Romanko kemudian menjelaskan bahwa jika G7 ingin memiliki ketahanan energi, maka subsidi energi ‘tradisional’ tersebut perlu dihentikan.
Dalam paparannya, Romanko melampirkan data dari Badan Energi Internasional (IEA), yang memperkirakan bahwa subsidi konsumsi untuk bahan bakar fosil berlipat ganda pada tahun 2022 menjadi US$1 triliun secara global.
Baca Juga
Menurutnya, hal ini tidak masuk akal dikarenakan energi terbarukan telah menjadi sumber energi termurah pada tahun 2022.
Romanko yang juga selaku pendiri Razom We Stand menjelaskan bahwa G7 awalnya dibentuk karena pada tahun 1974 OPEC kembali menciptakan krisis keamanan minyak dan energi.
Krisis tersebut kemudian menyebabkan gangguan ekonomi dan inflasi yang masif. Oleh karena itu Romanko berpendapat bahwa tugas utama bagi pemimpin dunia global adalah menciptakan keamanan energi dan kemandirian energi.
Dalam kesempatan yang sama, emimpin 350.org Masayoshi Iyoda memaparkan bahwa negaranya menjadi pengimpor batu bara Rusia terbesar dalam 100 hari setelah invasi Rusia ke Ukraina.
Dalam surat kepada Perdana Menteri Jepang, Fumio Kishida, Razom We Stand mengatakan bahwa pergeseran Jepang yang lambat dari pembangkit listrik batu bara dan kurangnya dukungan untuk menghentikan penggunaan bahan bakar fosil membedakannya dari negara-negara G7 lainnya.
Senada dengan Romanko, lyoda kemudian setuju bahwa Jepang perlu menggunakan posisinya sebagai pemegang presidensi G7 tahun ini untuk menjadi pemimpin dalam isu iklim.

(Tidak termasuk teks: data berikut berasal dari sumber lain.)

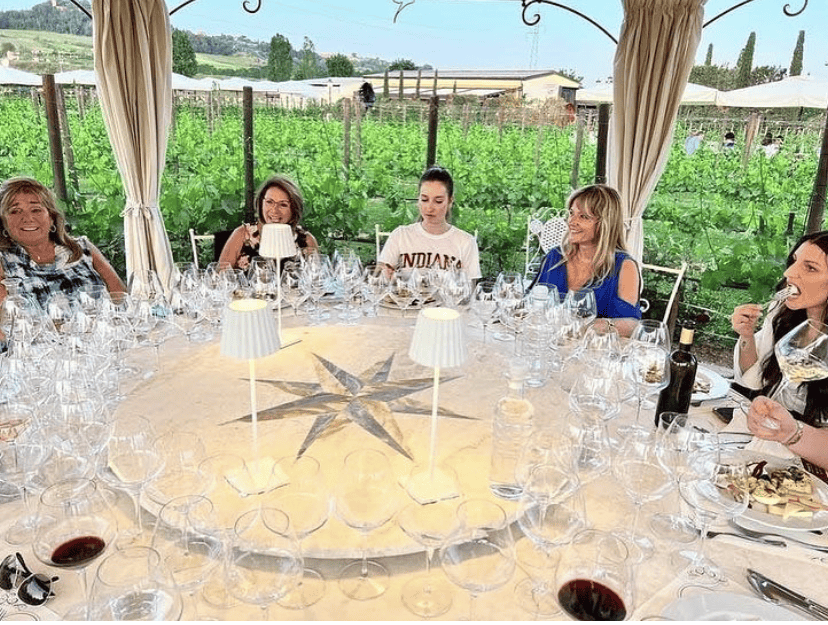 Romantic lunch in vineyard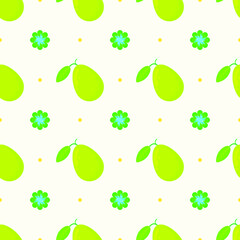 Seamless Pattern Abstract Elements Fruits Food Pear With Flower Vector Design Style Background Illustration Texture For Prints Textiles, Clothing, Gift Wrap, Wallpaper, Pastel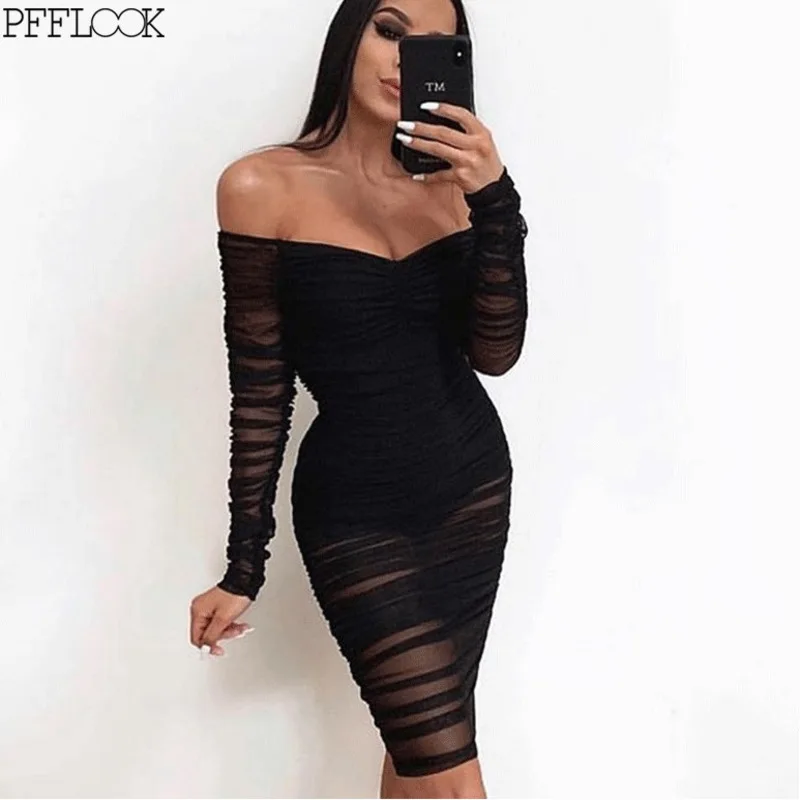 

PFFLOOK 2019 New Women Party Dress Sexy See-Through Bodycon Dress Smocking Elegant Dress Summer Mesh Festival Christmas Clothe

Jepang kemudian juga disarankan untuk tidak mundur dari tujuan iklim dan komitmen keuangan iklim yang telah dinyatakan, dan menghentikan ekspansi gas fosil termasuk LNG.
Sebagai catatan, 350.org merupakan organisasi internasional yang membahas mengenai krisis iklim, dengan tujuan mengakhiri bahan bakar fosil dan mengkampanyekan untuk beralih ke energi terbarukan.
Razom We Stand juga adalah organisasi asal Ukraina yang aktif secara internasional dan menyerukan embargo total dan permanen terhadap bahan bakar fosil Rusia dan segera mengakhiri semua investasi di perusahaan minyak dan gas Rusia.